• What you need to do
From the line that contains "Вязаные проекты в" down to the last line of the data below, restate every line word for word, skipping any images.

• Given information
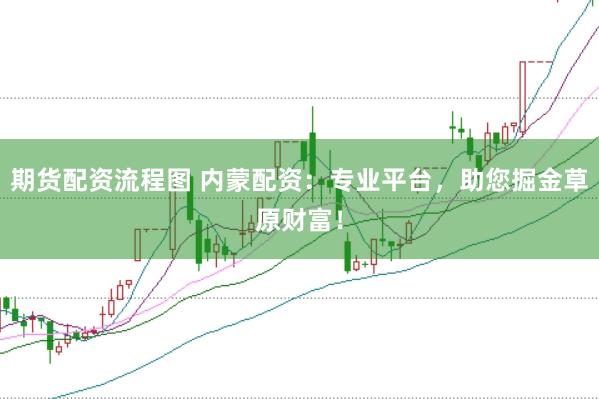 期货配资流程图 内蒙配资：专业平台，助您掘金草原财富！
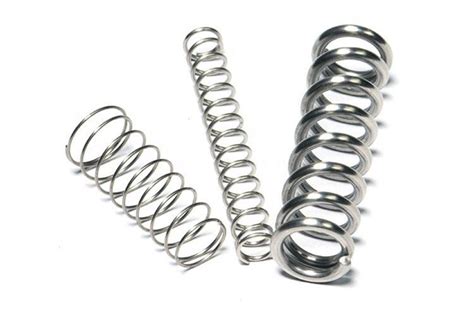 Mini Spring Compressor 的图像结果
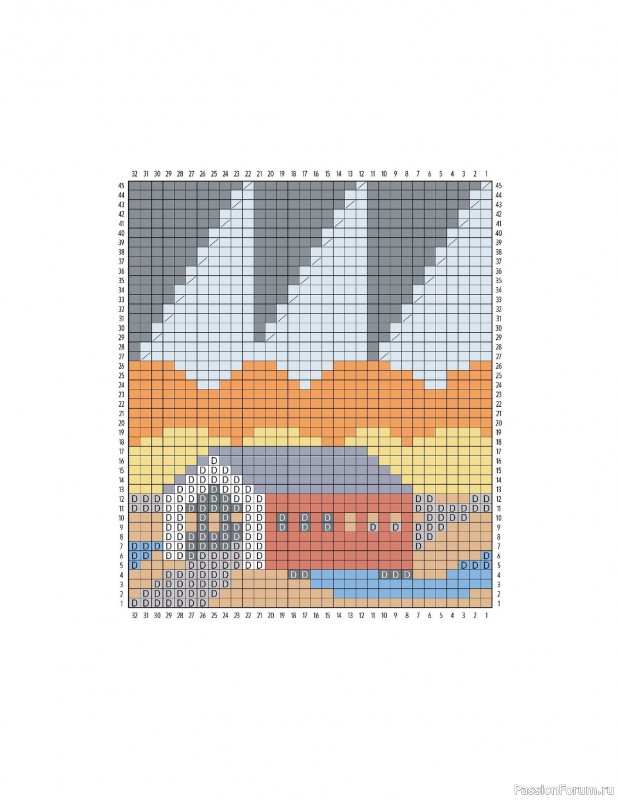 Вязаные проекты в книге «Knitting the U.S.A.». Часть 1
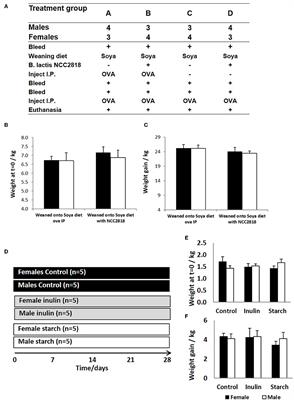 Sexual Dimorphism in Immune Development and in Response to Nutritional Intervention in Neonatal Piglets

• Your response
 Вязаные проекты в книге «Knitting the U.S.A.». Часть 1
 Sexual Dimorphism in Immune Development and in Response to Nutritional Intervention in Neonatal Piglets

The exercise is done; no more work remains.